--- EXERCISE ---
List all lines in the material below that contain "Ridge".

--- DATA FOR REVIEW ---
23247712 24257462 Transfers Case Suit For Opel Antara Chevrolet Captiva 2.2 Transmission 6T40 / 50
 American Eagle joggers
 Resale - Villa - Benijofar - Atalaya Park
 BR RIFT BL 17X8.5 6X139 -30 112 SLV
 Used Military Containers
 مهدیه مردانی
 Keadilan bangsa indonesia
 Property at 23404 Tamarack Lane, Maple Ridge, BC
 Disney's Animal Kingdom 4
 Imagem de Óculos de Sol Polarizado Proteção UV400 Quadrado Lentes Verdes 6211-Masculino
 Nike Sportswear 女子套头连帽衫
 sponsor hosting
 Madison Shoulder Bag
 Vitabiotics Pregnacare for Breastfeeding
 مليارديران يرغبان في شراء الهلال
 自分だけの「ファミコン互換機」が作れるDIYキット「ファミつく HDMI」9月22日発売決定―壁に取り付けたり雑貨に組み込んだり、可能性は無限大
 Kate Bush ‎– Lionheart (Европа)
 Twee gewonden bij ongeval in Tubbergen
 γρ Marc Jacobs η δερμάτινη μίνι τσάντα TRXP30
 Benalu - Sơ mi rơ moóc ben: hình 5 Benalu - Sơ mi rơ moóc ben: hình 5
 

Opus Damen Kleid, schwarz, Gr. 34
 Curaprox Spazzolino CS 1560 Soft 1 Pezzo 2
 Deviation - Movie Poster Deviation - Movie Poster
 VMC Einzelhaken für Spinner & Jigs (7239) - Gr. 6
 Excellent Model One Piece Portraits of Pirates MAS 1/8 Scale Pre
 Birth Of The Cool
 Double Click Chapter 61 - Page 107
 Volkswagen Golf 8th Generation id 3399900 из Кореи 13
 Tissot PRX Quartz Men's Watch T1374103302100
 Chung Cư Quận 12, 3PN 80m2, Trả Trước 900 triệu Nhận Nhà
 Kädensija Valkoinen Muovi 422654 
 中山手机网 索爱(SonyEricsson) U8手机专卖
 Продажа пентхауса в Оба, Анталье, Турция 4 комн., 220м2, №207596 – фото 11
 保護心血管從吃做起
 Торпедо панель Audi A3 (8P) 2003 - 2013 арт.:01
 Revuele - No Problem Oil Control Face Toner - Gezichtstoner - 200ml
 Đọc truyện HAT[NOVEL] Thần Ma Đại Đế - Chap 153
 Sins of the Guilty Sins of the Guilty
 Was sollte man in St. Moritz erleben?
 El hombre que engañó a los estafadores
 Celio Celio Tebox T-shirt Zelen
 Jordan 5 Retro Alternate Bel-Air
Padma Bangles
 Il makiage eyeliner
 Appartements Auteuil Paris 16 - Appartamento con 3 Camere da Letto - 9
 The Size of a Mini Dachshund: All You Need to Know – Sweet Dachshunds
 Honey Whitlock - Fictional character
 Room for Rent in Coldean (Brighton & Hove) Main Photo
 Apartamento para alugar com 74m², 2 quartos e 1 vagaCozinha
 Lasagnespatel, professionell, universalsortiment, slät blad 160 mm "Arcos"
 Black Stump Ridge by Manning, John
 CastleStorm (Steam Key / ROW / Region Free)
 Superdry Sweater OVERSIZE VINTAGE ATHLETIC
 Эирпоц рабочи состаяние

--- REPLY ---
 Property at 23404 Tamarack Lane, Maple Ridge, BC
 Black Stump Ridge by Manning, John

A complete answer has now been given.